2. That plaintiff dropped her pick which was approximately less than a half pound and claims that this is when she felt a sharp sting in her left groin which caused her hernia.
3. That the plaintiff did not inform her supervisor or employer about any accident at this time.
4. That the plaintiff saw Dr. G. B. Johnston and Dr. R. E. Williford on or about August 9, 1965; that Dr. Williford referred the plaintiff to Dr. G. B. Johnston, surgeon and that Dr. Johnston was unaware that this case was an on the job injury until the plaintiff returned for her check-up after hernia operation on August 30, 1965.
5. That the plaintiff advised her doctor on August 30, 1965, that she dropped her pick and leaned over to pick it up and felt something tear.
6. That on plaintiff's hospital insurance report bearing her signature, question #7 which reads as follows: ‘Has claim been filed or will be filed under workmen’s compensation,’ was answered ‘No’; that this said paper is dated August 22, 1965, and signed by the plaintiff Dixie P. Eaton.
7. Plaintiff had a hernia in 1963 on her right side; that the hernia she was operated on for August 15, 1965, was on her left side.
8. That on August 9, 1965, plaintiff reported to her supervisor, Don Morgan, on her return from the doctor at 6:00 p.m. that she had a hernia and that her supervisor asked her at this time if she knew how she did it and her answer was no; and that he further asked her if it occurred in the mill and she advised him no that she didn’t know where it happened and a copy of this report was presented at the hearing as evidence for the defendant.
9. That the plaintiff testified at the hearing that she received her hernia when she dropped her pick; and leaned over to pick it up and slipped; that the plaintiff put on a demonstration in the court room with her pick how she leaned over and picked up her pick and did not show any slip.
10. That the plaintiff did not sustain an injury by accident arising out of and in the course of her employment with the defendant employer on or about the last week of July, 1965.”

*368Based upon the foregoing findings of fact affirmed by the full Commission, the hearing commissioner concluded that “plaintiff did not during the last week of July 1965, sustain an injury by accident arising out of and in the course of her employment with the defendant employer and her claim must therefore be denied.”

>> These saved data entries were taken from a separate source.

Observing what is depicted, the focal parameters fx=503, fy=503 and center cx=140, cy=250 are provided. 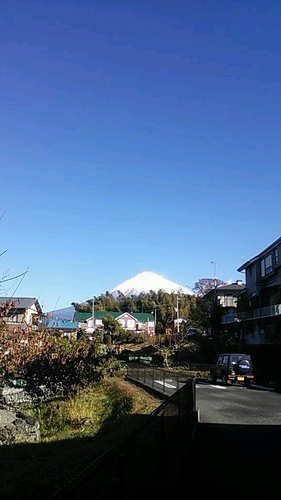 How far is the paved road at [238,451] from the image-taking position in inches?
287

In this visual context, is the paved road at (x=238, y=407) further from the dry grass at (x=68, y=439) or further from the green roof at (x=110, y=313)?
the green roof at (x=110, y=313)

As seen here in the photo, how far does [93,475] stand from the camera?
3.18 meters

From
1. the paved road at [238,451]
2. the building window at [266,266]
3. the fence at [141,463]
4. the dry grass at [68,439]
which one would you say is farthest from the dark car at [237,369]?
the fence at [141,463]

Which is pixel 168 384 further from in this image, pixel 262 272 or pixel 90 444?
pixel 262 272

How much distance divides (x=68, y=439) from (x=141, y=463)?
906 cm

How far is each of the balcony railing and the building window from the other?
11.1ft

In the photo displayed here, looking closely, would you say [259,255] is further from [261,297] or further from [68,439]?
[68,439]

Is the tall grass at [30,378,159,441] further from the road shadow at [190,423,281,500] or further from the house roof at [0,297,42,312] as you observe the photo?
the house roof at [0,297,42,312]

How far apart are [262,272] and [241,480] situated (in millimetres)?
40062

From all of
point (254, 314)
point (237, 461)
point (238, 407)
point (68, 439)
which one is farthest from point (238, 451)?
point (254, 314)

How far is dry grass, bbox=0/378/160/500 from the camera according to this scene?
7.93 meters

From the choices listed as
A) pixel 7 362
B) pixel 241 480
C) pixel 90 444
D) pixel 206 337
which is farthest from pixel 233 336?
pixel 241 480

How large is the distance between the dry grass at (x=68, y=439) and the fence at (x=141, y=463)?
6.35 feet

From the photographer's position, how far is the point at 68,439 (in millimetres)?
12945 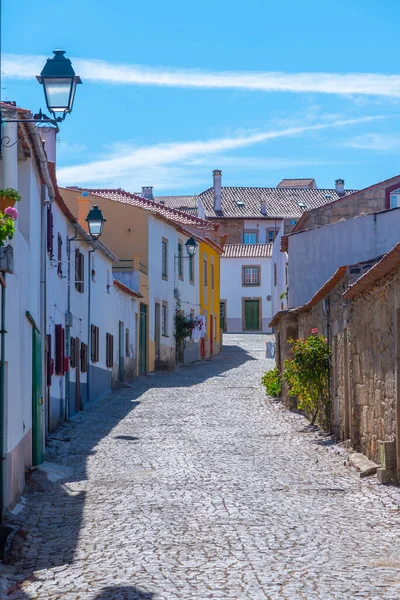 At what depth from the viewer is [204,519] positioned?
997 cm

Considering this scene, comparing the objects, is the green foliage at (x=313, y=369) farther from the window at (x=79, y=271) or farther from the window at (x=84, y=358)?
the window at (x=84, y=358)

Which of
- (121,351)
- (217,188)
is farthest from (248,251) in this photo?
(121,351)

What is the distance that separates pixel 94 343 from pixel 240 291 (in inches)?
1501

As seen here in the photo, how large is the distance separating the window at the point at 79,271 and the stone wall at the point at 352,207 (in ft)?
28.2

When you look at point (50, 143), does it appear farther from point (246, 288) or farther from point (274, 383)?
point (246, 288)

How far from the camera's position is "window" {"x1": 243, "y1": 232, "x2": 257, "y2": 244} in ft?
228

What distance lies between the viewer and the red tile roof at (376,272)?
10.9 m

In the case of Blalock v. Durham, 244 N.C. 208, 92 S.E. 2d 758, Justice Higgins said for the Court:

“This Court has held that if there is any competent evidence to support a finding of fact of the Industrial Commission, such finding is conclusive on appeal, even though there is evidence that would support a finding to the contrary, (citations omitted) The introduction of incompetent evidence cannot be held prejudicial where the record contains sufficient competent evidence to support the findings.” (citations omitted) See also Hollman v. City of Raleigh, 273 N.C. 240, 159 S.E. 2d 874.

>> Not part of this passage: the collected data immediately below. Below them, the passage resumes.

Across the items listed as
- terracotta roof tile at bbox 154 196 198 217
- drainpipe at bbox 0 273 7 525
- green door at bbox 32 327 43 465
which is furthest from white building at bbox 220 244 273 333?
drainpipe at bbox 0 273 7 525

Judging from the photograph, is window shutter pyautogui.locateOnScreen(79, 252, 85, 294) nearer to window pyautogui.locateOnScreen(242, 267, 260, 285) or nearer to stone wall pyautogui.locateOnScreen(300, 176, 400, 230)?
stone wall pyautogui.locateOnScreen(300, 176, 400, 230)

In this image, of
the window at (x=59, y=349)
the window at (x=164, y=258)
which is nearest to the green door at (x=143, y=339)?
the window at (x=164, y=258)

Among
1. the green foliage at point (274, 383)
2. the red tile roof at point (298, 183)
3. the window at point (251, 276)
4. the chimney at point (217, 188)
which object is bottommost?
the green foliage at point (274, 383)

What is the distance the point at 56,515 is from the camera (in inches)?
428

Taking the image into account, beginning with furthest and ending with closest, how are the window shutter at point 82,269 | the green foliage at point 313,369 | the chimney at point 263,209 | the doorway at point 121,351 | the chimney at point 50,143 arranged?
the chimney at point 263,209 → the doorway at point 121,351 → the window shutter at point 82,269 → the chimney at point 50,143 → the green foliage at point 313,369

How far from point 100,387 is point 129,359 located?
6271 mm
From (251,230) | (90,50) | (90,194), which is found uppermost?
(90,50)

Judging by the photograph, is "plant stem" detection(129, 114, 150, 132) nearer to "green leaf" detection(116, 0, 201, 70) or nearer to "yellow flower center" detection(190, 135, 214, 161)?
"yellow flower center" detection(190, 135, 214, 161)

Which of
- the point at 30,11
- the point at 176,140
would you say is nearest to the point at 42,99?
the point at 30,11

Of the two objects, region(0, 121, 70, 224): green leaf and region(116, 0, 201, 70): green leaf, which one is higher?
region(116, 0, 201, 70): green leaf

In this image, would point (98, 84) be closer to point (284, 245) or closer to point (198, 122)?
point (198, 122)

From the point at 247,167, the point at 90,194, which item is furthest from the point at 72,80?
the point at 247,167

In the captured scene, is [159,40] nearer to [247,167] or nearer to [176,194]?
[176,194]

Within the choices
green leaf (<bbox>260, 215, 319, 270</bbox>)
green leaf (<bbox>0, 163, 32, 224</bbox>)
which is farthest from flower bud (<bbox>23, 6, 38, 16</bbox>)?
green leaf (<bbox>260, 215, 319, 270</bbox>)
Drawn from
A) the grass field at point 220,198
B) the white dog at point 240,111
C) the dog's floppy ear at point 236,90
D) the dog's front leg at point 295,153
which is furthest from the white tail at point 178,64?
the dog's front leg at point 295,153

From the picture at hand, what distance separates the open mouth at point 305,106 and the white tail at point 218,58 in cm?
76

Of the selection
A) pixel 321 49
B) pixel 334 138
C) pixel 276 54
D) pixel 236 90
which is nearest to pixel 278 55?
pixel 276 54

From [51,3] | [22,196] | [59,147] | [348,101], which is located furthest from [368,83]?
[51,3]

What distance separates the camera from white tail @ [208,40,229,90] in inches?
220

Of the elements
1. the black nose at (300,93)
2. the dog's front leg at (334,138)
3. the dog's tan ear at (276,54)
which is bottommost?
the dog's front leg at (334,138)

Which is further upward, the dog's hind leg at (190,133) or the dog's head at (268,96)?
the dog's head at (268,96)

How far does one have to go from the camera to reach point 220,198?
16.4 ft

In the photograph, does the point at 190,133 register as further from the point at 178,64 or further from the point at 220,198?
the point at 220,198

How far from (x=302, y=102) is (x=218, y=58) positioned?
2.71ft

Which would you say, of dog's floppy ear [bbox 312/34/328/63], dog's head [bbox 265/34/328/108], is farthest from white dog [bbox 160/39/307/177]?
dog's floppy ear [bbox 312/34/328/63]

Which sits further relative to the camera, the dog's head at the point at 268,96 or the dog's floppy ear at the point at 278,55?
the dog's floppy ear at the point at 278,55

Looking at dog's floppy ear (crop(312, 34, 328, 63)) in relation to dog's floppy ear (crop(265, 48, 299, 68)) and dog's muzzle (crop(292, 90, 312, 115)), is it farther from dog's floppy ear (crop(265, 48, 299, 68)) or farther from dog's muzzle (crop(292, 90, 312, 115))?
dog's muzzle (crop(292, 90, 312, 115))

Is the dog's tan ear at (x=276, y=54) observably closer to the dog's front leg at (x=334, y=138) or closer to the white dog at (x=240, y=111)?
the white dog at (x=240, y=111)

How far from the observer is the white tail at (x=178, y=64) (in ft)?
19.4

[6] It is well settled that unless the injury can be fairly traced to the employment as a contributing proximate cause, it does not arise out of the employment. Bryan v. Church, 267 N.C. 111, 147 S.E. 2d 633.

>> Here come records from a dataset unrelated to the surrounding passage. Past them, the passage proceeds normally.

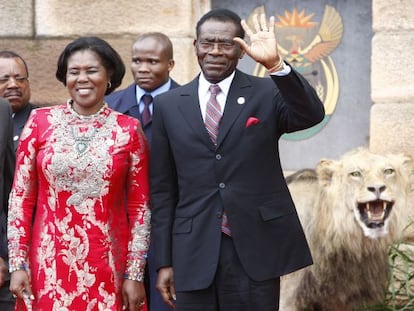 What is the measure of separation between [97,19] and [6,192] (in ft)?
9.63

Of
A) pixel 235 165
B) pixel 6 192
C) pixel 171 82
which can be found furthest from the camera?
pixel 171 82

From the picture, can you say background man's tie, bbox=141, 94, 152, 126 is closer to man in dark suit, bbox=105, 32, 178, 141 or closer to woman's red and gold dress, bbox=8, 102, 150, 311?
man in dark suit, bbox=105, 32, 178, 141

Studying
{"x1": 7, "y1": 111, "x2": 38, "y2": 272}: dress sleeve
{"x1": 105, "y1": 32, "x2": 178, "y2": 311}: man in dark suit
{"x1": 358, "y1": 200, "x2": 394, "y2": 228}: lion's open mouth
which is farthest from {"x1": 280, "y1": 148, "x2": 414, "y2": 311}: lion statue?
{"x1": 7, "y1": 111, "x2": 38, "y2": 272}: dress sleeve

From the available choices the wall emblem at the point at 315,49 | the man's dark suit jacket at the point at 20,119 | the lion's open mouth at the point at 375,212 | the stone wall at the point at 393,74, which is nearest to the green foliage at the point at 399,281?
the lion's open mouth at the point at 375,212

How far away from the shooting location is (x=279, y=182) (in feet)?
16.6

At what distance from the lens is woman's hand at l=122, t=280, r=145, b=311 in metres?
5.03

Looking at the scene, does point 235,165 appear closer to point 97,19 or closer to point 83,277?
point 83,277

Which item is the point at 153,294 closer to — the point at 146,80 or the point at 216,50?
the point at 146,80

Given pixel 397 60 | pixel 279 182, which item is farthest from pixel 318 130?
pixel 279 182

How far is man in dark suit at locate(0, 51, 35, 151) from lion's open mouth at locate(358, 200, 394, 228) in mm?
2090

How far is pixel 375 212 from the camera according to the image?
6645 millimetres

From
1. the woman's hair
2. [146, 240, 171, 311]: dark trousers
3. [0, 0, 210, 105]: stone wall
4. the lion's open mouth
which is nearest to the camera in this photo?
the woman's hair

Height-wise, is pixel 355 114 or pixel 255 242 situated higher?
pixel 355 114

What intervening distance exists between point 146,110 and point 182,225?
4.34ft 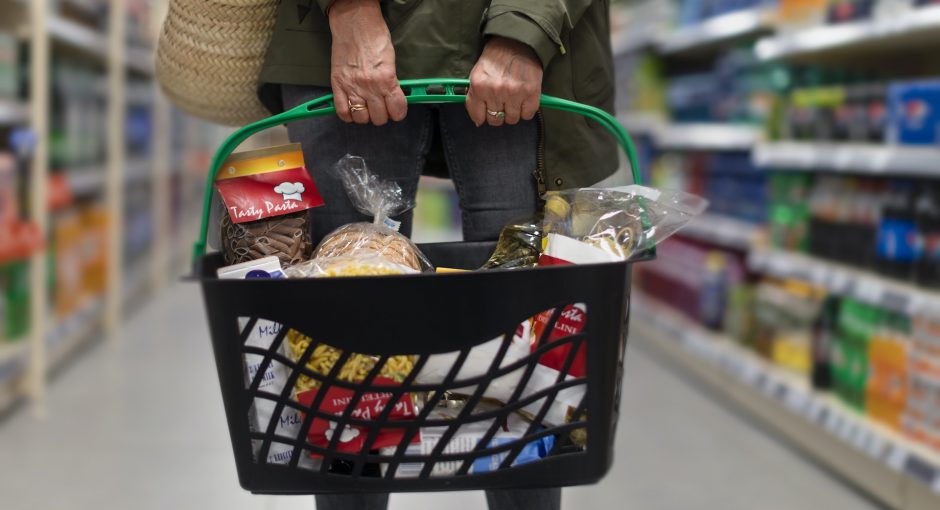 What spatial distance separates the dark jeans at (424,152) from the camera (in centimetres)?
101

[7] Applying these principles of law and after a careful examination of all the evidence herein, we conclude that the findings of fact numbered five, six, seven, eight and ten are supported by competent evidence of sufficient probative force, and the Court is bound by them, even though there is evidence that would support a finding to the contrary. These findings of fact fully and fairly support the conclusions of law and denial of compensation herein. Finding of fact numbered nine is immaterial to a decision in this matter.

We have carefully considered all of the assignments of error and find no prejudicial error.

The opinion and order of the Industrial Commission denying compensation is

Affirmed.

Campbell and Moréis, JJ., concur.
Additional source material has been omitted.